### Work instruction
Transcribe only what runs from the line containing "Wappen Patch Round" through the final line below, exactly, and leave every picture out.

### Data records
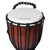Top view of the World Rhythm hand‑carved mahogany djembe drum with 20cm synthetic head and braided rope handle.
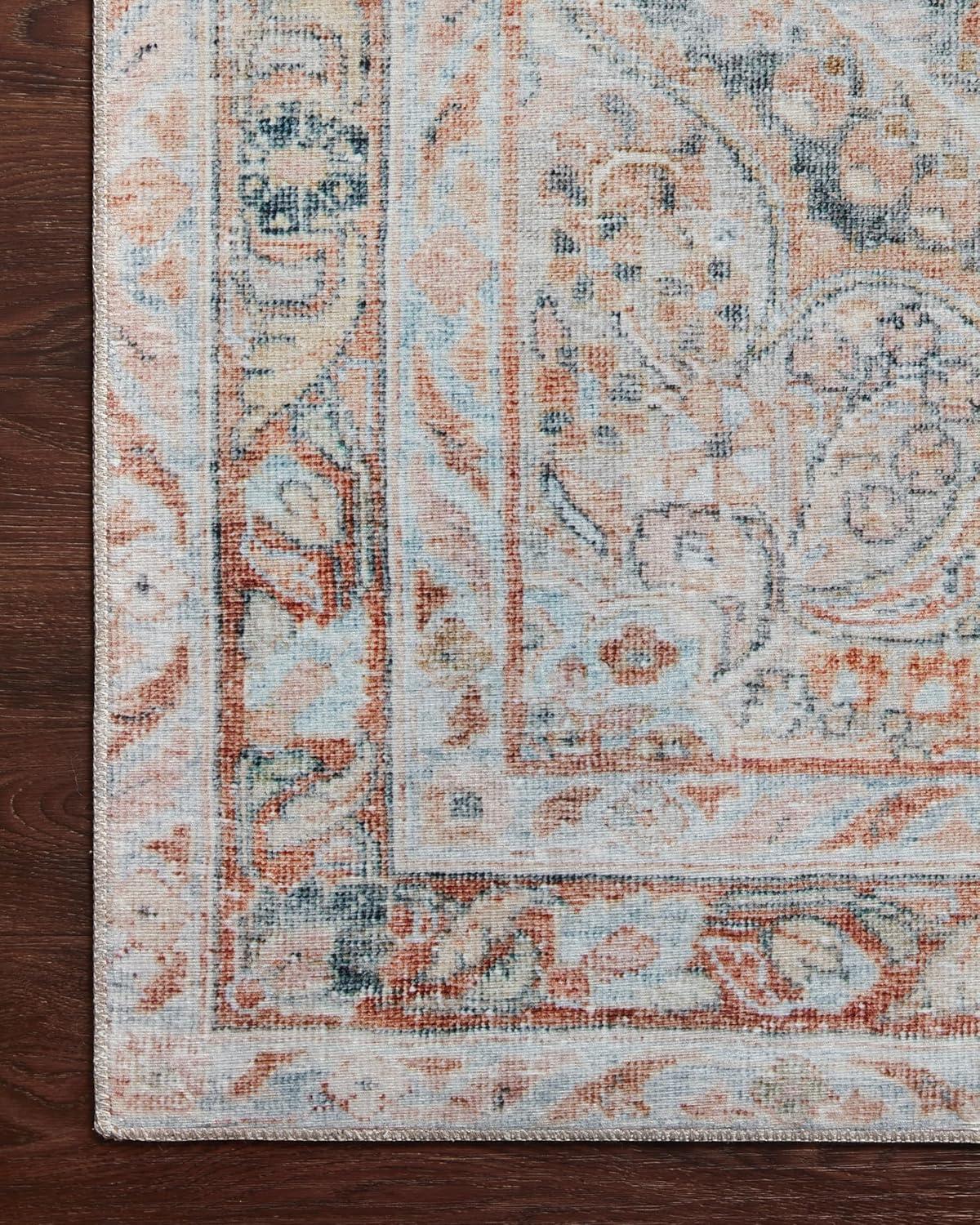 Lenna Ocean Apricot Floral Motif Low Pile Accent Rug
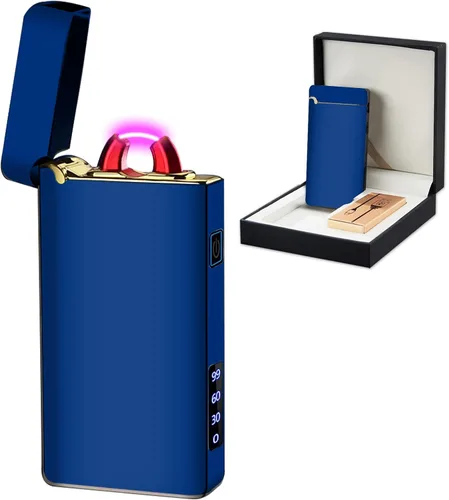 SKRFIRE Encendedor USB resistente al viento – Arco eléctrico de alta potencia, encendedor de plasma recargable con linterna multimodo y pantalla de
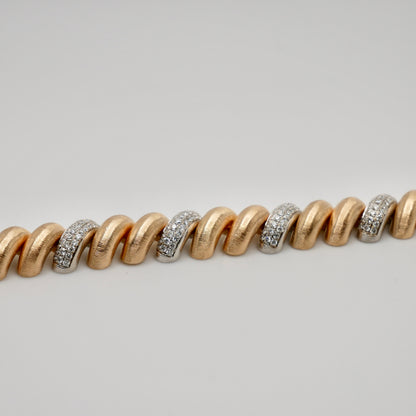 Silk Engraved Rigatto Twist Bracelet with Pavé Lab Diamonds in 14K or 18K Gold, view 4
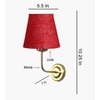 Devansh Metal Electric Wall Light in Gold Colour with Maroon Shade Count of 1 Light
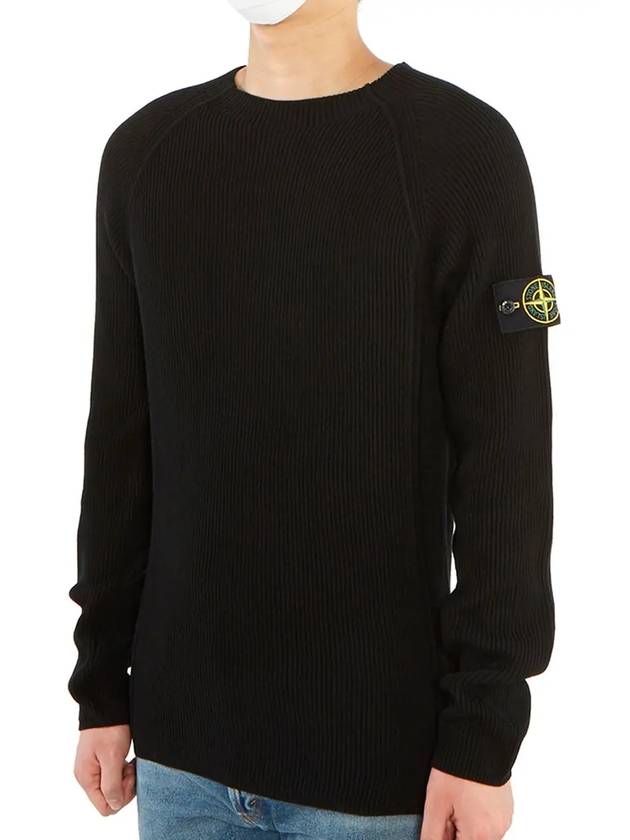 Wappen Patch Round Neck Knit Top Black - STONE ISLAND - BALAAN 3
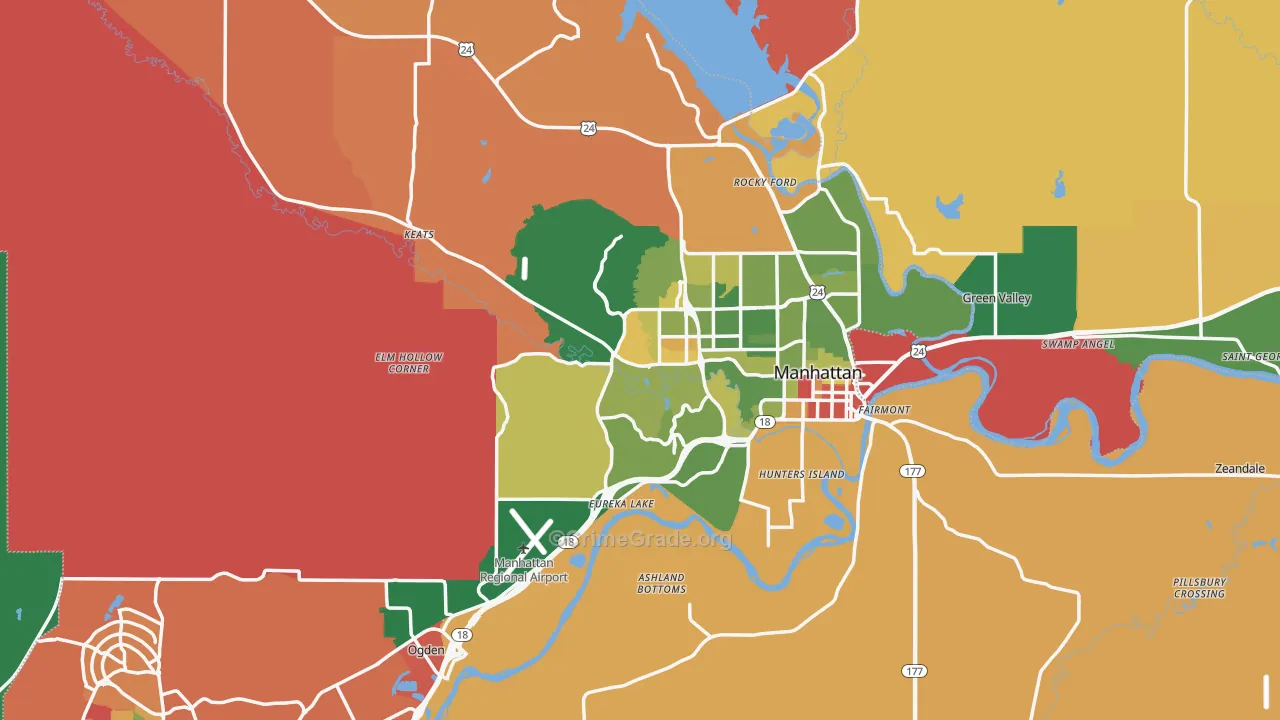 Riley County, KS Map of Robbery Rates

### Solution
 Wappen Patch Round Neck Knit Top Black - STONE ISLAND - BALAAN 3
 Riley County, KS Map of Robbery Rates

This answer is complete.